Moody’s expects the aggregate rate to reach 4% to 5% by the end of this year.By comparison, the aggregate rate was at a low of 0.22% in late 2007.
Declining performance, particularly in oversupplied markets, as well as in secondary and tertiary markets, has pushed Fitch’s multifamily delinquency rate to 4.55%, the highest of all property types. Multifamily properties have been highly susceptible to default in CMBS during the current economic downturn.
Moody’s tracker shows multifamily delinquency rates rising most dramatically in recent months, to a level of 4.56% in May, from a low of 0.51% in August 2007. Its previous high had been 1.53%, recorded in March 2005.
Fitch’s 60 days or more delinquency rate for retail properties is slightly higher than the index at 2.24%. This number is expected to climb. As consumer spending continues to tighten, retail properties will likely lose tenants to bankruptcy or store downsizing. Many of the loans that are currently 30 days delinquent are likely to remain delinquent and be included in the Index in June.
Moody’s says loans for retail properties have seen their delinquency rate nearly triple since the start of the year, reaching 2.47%, well surpassing its previous peak of 0.89% in August 2003.

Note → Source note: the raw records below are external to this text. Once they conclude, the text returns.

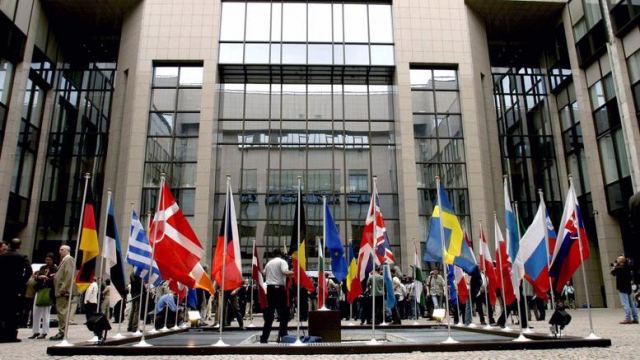 Αδύναμη η ΕΕ να καταλήξει σε κοινή στάση έναντι της Τουρκίας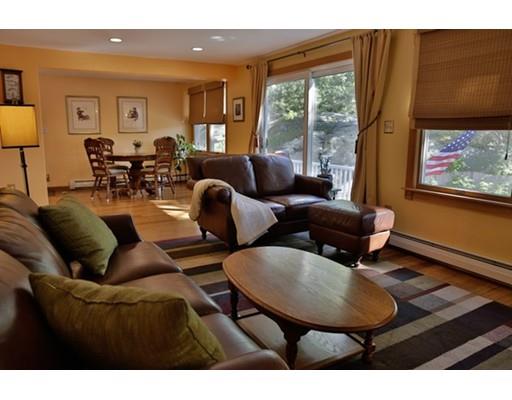 9 Blake Ct, Gloucester, MA 01930 photo 8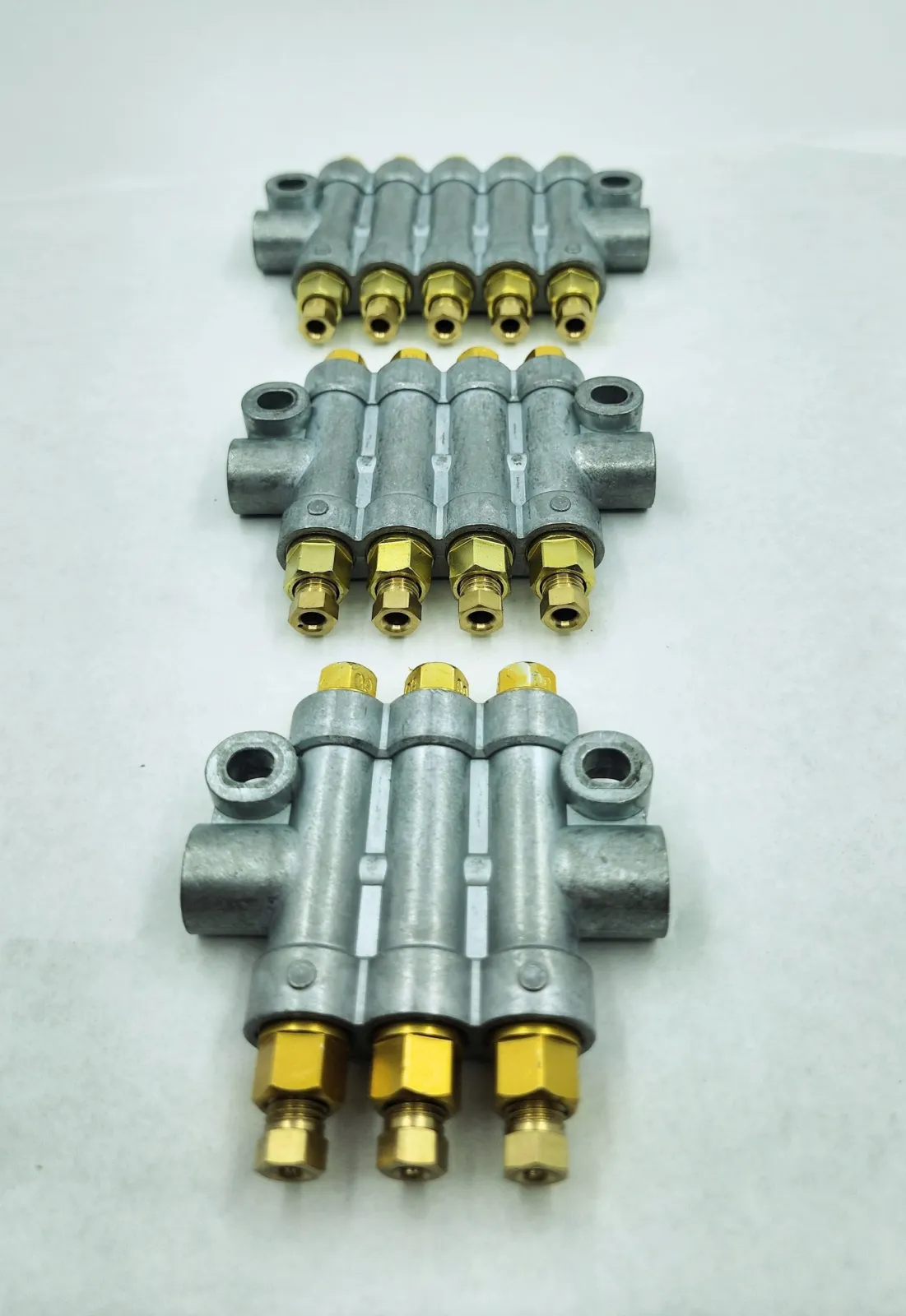 Cnc Yağ Dağıtıcı ZLFG- 4 lü  İĞNELİ PİSTONLU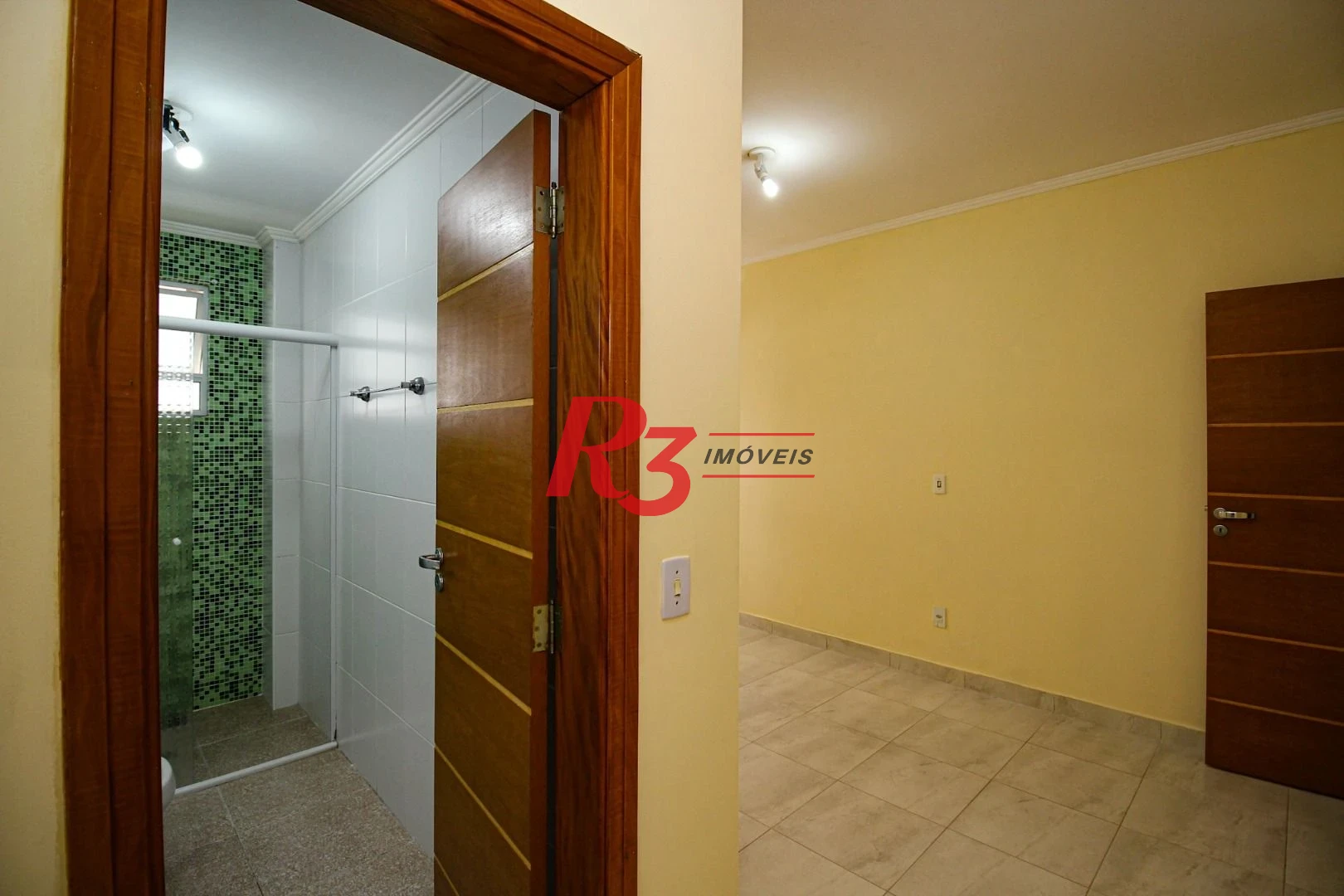 Casa com 4 dormitórios para alugar, 320 m² por R$ 10.000,00/mês - Gonzaga - Santos/SP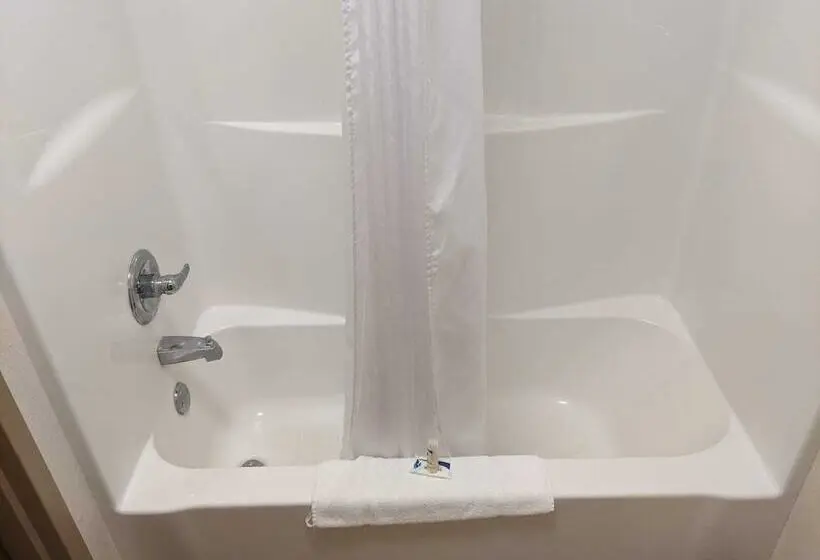 スイート, Heritage Inn And Suites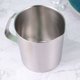 thumbnail image 4 of YUNXNK - Vaso medidor de líquidos de acero inoxidable para hornear, utensilios de cocina para uso diario en el hogar (700 ml, plateado), 4 of 8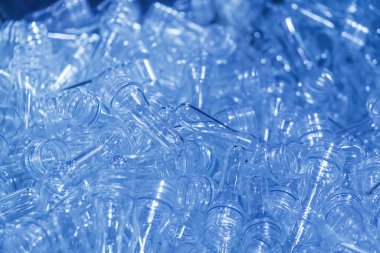 Plastik şişe işlem ışık mavi sahnede üfleme için Pet şişe preform şekli. Konteyner üretim işleme içme.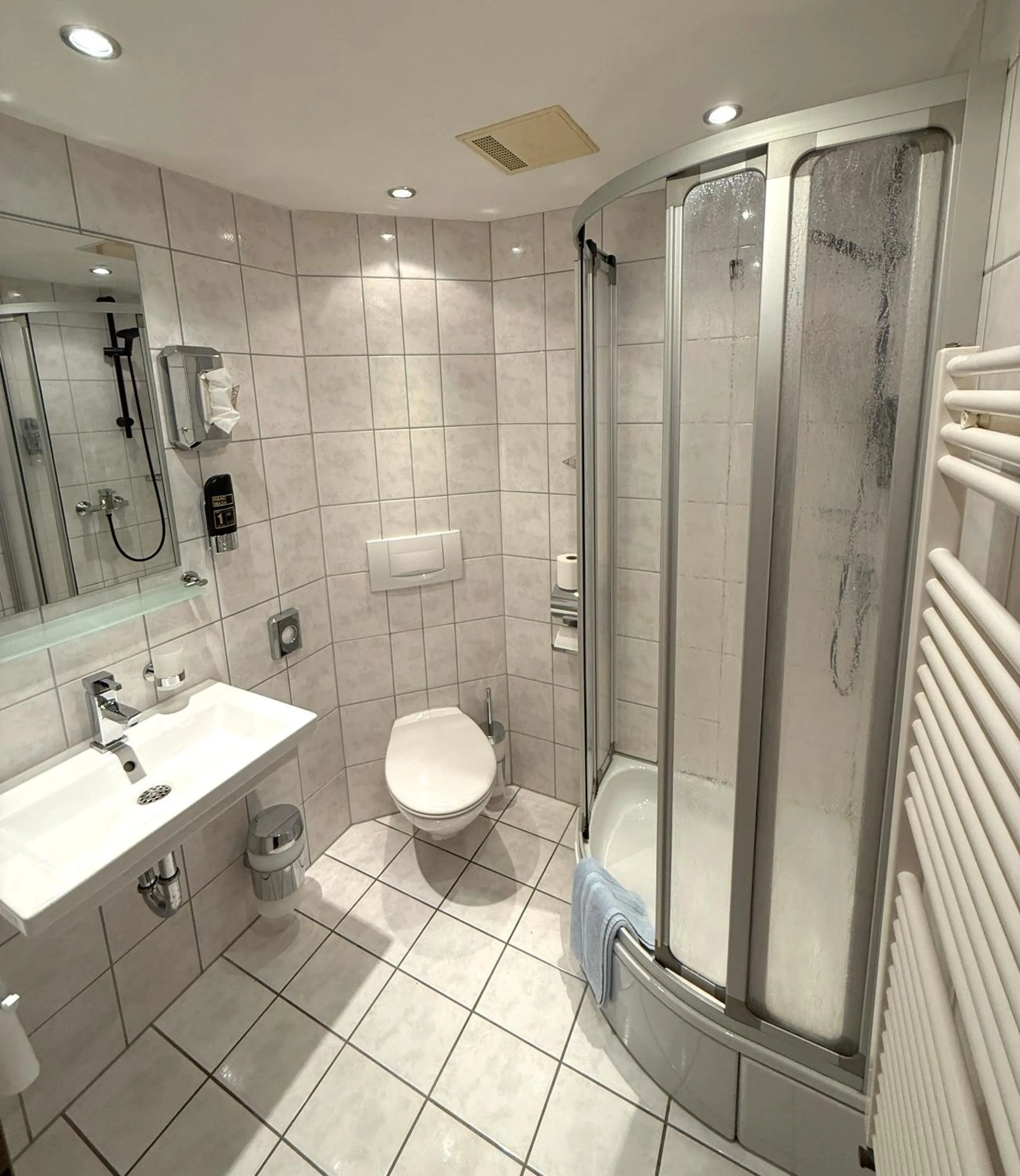 Bathroom in Hotel Traube Lossburg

Loans backed by hotels have thus far withstood economic pressures and continue to slightly outperform Fitch’s Index with a 1.91% delinquency rate. Possible reasons for the relative resilience include generally more sophisticated sponsorship and management teams; slightly lower leverage and shorter amortization schedules at issuance; and a reporting lag whereby many year-end audited financials have not yet been finalized. Fitch maintains its expectation that, as occupancy rates and revenues per available room (RevPAR) continue to decline, putting additional stress on borrowers’ operating margins, defaults could rise precipitously.
Moody’s says the other two core property types – industrial and office — have seen more moderate increases in delinquencies in 2008 and 2009.